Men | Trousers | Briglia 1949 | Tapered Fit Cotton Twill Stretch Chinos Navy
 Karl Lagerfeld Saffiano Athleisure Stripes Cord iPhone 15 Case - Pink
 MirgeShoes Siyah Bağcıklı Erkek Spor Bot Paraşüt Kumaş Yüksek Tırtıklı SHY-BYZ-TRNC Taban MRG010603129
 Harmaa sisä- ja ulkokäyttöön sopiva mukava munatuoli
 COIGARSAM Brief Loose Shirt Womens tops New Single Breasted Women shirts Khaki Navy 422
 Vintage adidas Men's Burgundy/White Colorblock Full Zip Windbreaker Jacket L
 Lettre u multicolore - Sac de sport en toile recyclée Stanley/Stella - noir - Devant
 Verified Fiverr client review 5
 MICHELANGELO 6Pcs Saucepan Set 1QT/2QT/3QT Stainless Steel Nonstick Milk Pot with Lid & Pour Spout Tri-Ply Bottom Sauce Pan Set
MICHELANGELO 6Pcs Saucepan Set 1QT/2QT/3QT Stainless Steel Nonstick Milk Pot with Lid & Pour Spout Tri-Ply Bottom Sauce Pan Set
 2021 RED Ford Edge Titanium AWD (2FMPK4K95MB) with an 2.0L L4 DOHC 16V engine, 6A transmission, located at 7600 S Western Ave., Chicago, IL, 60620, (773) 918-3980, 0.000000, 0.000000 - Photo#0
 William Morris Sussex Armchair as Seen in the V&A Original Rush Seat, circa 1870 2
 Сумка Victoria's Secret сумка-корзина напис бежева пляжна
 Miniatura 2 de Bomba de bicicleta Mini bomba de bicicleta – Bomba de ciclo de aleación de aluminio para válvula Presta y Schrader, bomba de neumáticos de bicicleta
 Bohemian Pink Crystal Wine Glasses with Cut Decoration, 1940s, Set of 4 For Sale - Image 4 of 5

What you need to do:
Write out the listing's lines exactly, from its first line through the line that contains "Vintage adidas Men's", and stop there.

Exercise result:
Men | Trousers | Briglia 1949 | Tapered Fit Cotton Twill Stretch Chinos Navy
 Karl Lagerfeld Saffiano Athleisure Stripes Cord iPhone 15 Case - Pink
 MirgeShoes Siyah Bağcıklı Erkek Spor Bot Paraşüt Kumaş Yüksek Tırtıklı SHY-BYZ-TRNC Taban MRG010603129
 Harmaa sisä- ja ulkokäyttöön sopiva mukava munatuoli
 COIGARSAM Brief Loose Shirt Womens tops New Single Breasted Women shirts Khaki Navy 422
 Vintage adidas Men's Burgundy/White Colorblock Full Zip Windbreaker Jacket L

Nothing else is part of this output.